V tem repozitoriju se nahaja rezultat aktivnosti A3.3 - Orodje za razdvoumljanje, ki je nastalo v okviru projekta Razvoj slovenščine v digitalnem okolju.
This repository contains the code for the WSD api. It is split into two main components
- The code used for the training and evaluation of the WSD model (located in
./train_and_evaluate_model.py
) - The code used to create the docker container with the WSD api. (located in
./app/api.py
)
./data/
contains the data necessary for training and evaluating the model.
train_and_evaluate_model.py contains the code for training and evaluating the model. Running the file will train and evaluate a model on data from the elexis-wsd-sl_corpus.tsv (https://www.clarin.si/repository/xmlui/handle/11356/1674), located in ./data/. We use a Camembert token prediction model to train the WSD model (Martin, Louis, et al. "CamemBERT: a Tasty French Language Model." ACL 2020-58th Annual Meeting of the Association for Computational Linguistics. 2020.). A pretrained model is available at https://nas.cjvt.si/index.php/s/GgR2CBJwqHDQQce. The model currently achieves a classification accuracy of .45 when evaluated on the elexis-wsd-sl test set and we are currently in the process of improving the model to achieve better results.
By default, the model runs on a CPU. To use a GPU, change device = torch.device("cpu")
to device = torch.device("cuda")
. This requires pytorch with GPU acceleration using CUDA (https://pytorch.org/get-started/locally/).

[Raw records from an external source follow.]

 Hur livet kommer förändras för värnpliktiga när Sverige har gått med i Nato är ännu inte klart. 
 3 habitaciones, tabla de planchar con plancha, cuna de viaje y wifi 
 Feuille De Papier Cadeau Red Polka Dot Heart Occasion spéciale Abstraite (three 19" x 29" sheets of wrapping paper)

If you want to train a model on your own data, replace the elexis-wsd-sl_corpus.tsv files with your own data.
The code for the WSD api is located in ./app/api.py. To build the docker container, place the required model files into ./data. This will create a container running the api using the uvicorn server. The container requires three files:
- The pretrained sloberta2 model (https://www.clarin.si/repository/xmlui/handle/11356/1397), which should be placed inside ./data/sloberta2
- A trained wsd model, which should be placed inside ./data and named wsd_model.ckpt
- A sense inventory. Currently, we use elexis-wsd-sl_sense-inventory.tsv, which should be placed inside ./data
You can then build the container by running docker build -t rsdo_wsd .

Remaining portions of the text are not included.